- [What to work on] Pictures stay out. Everything else in the listing below gets written out exactly.

- [Source records]
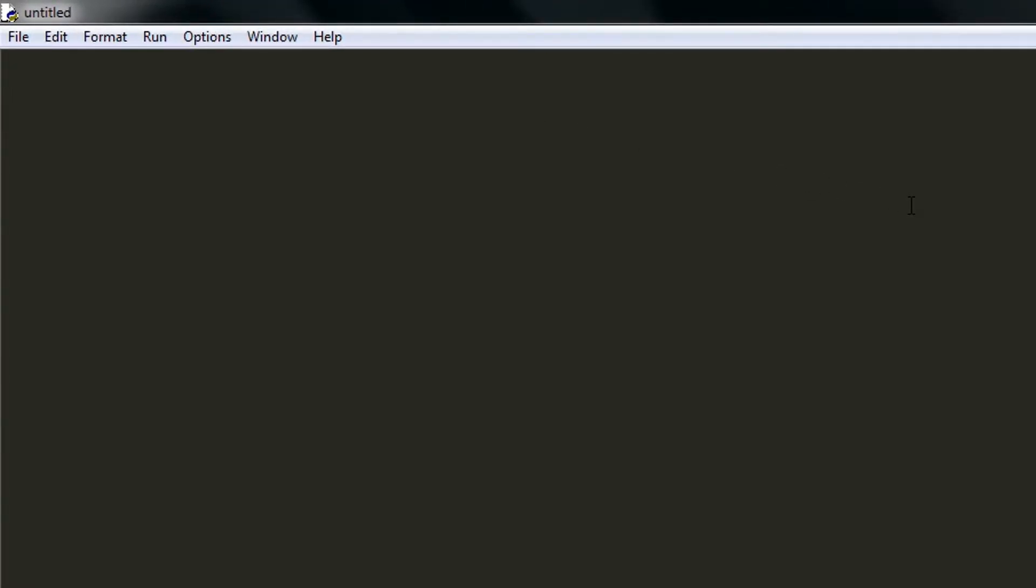We will first start by defining a function which can take argument that will be our matrix. I am calling the function as transpose matrix.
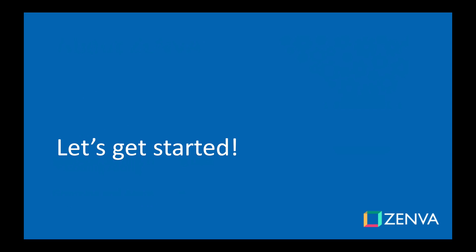Thanks again for joining, and I look forward to seeing all the cool stuff you'll be building. Now without further ado, let's get started.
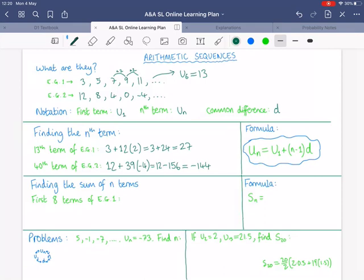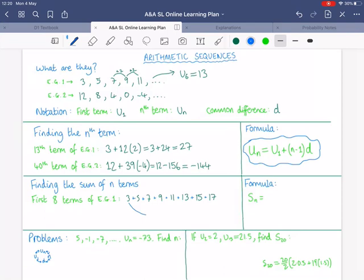What about finding the sum of a certain number of terms? For example, the sum of the first eight terms of example one — you could just add 3 + 5 + 7 all the way up to 17 and that would be fine. But what if you're asked for the sum of the first 50 terms of a far more complicated sequence? You'd be sitting with your calculator for 10 minutes, so we need a formula.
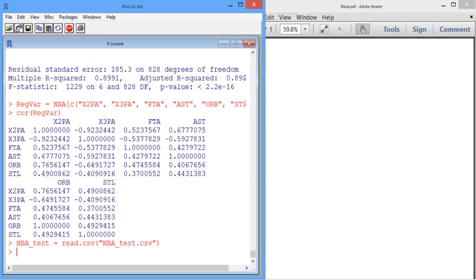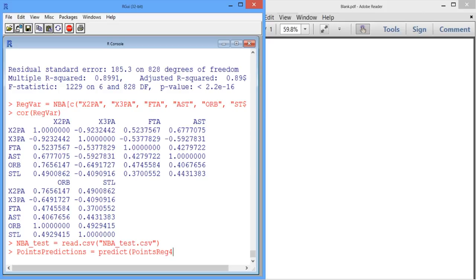So now let's try to predict, using our model that we made in the previous video, how many points we'll see in the 2012-2013 season. Let's call this points_prediction. We use the predict command here, and we give it the previous model — points_reg4, because that was the model we determined to be the best one — and the new data, which is NBA_test.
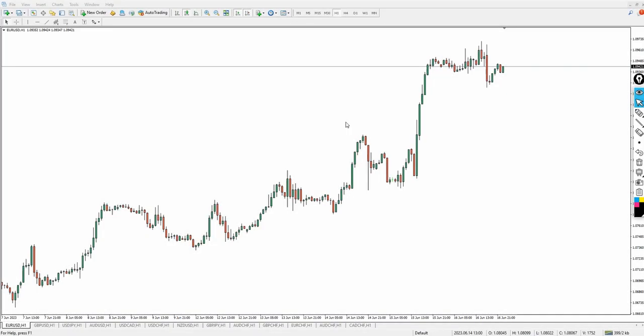In this video I want to share exactly what has changed with the Italo Pivot. If you watched my previous video regarding the Italo Pivot, you'll understand how you can take advantage of this indicator to make informed decisions, identify vital key levels in the markets, and decide whether to buy or sell.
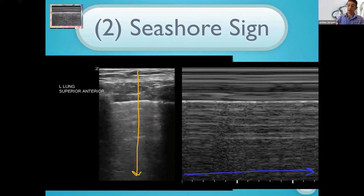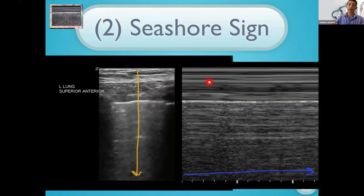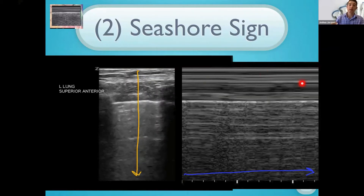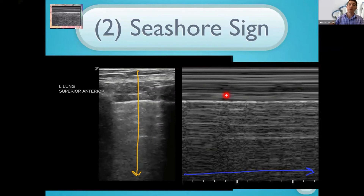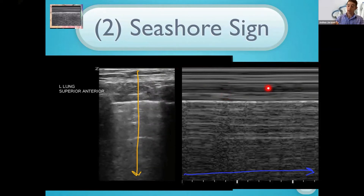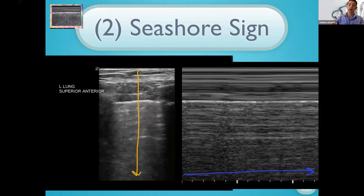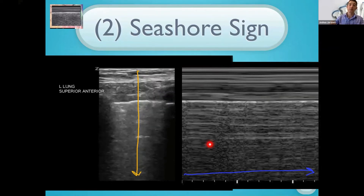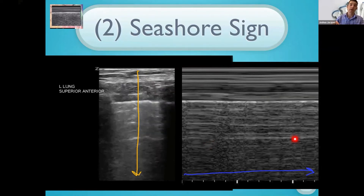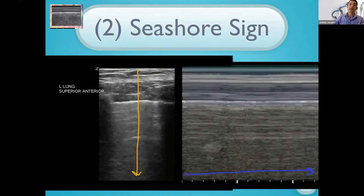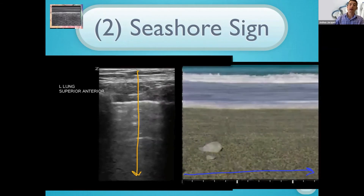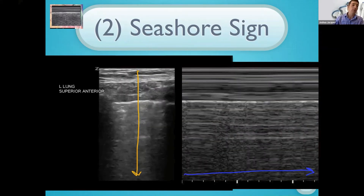In M-mode, the compartment above the pleural line appears relatively static — straight lines — with some respiratory movement in the muscular and intercostal segments, which is normal. Below the pleural line you have a grainy appearance corresponding to that sparkling: the seashore sign, like waves coming into the shore hitting the pleural line, and then sandy beach below. That's the M-mode equivalent of lung sliding — normal lung.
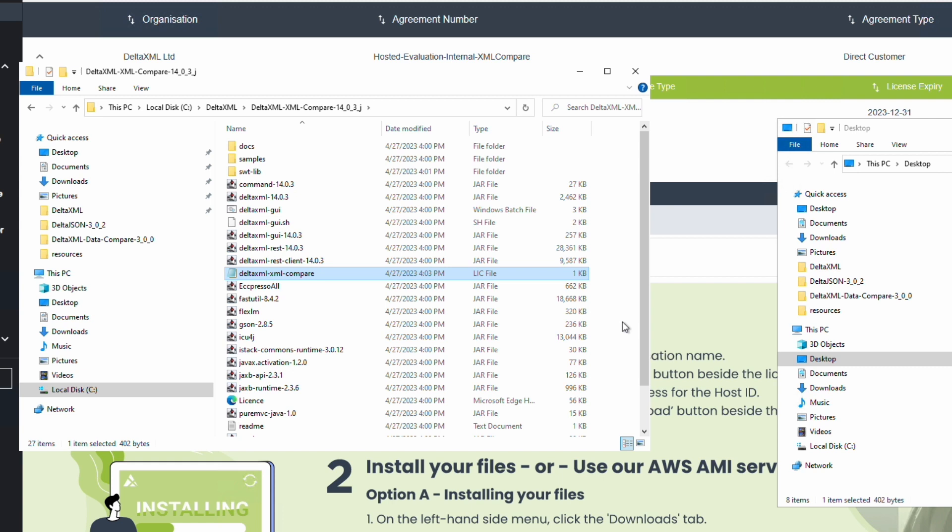Another video in this series will show you how to run your first comparison operation. That's all for this video, thanks for watching. Don't forget to like and subscribe if this video was helpful to you. Oliver at DeltaXML, signing off.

- [Exercise result]
We will first start by defining a function which can take argument that will be our matrix. I am calling the function as transpose matrix.
Thanks again for joining, and I look forward to seeing all the cool stuff you'll be building. Now without further ado, let's get started.
What about finding the sum of a certain number of terms? For example, the sum of the first eight terms of example one — you could just add 3 + 5 + 7 all the way up to 17 and that would be fine. But what if you're asked for the sum of the first 50 terms of a far more complicated sequence? You'd be sitting with your calculator for 10 minutes, so we need a formula.
So now let's try to predict, using our model that we made in the previous video, how many points we'll see in the 2012-2013 season. Let's call this points_prediction. We use the predict command here, and we give it the previous model — points_reg4, because that was the model we determined to be the best one — and the new data, which is NBA_test.
In this video I want to share exactly what has changed with the Italo Pivot. If you watched my previous video regarding the Italo Pivot, you'll understand how you can take advantage of this indicator to make informed decisions, identify vital key levels in the markets, and decide whether to buy or sell.
In M-mode, the compartment above the pleural line appears relatively static — straight lines — with some respiratory movement in the muscular and intercostal segments, which is normal. Below the pleural line you have a grainy appearance corresponding to that sparkling: the seashore sign, like waves coming into the shore hitting the pleural line, and then sandy beach below. That's the M-mode equivalent of lung sliding — normal lung.
Another video in this series will show you how to run your first comparison operation. That's all for this video, thanks for watching. Don't forget to like and subscribe if this video was helpful to you. Oliver at DeltaXML, signing off.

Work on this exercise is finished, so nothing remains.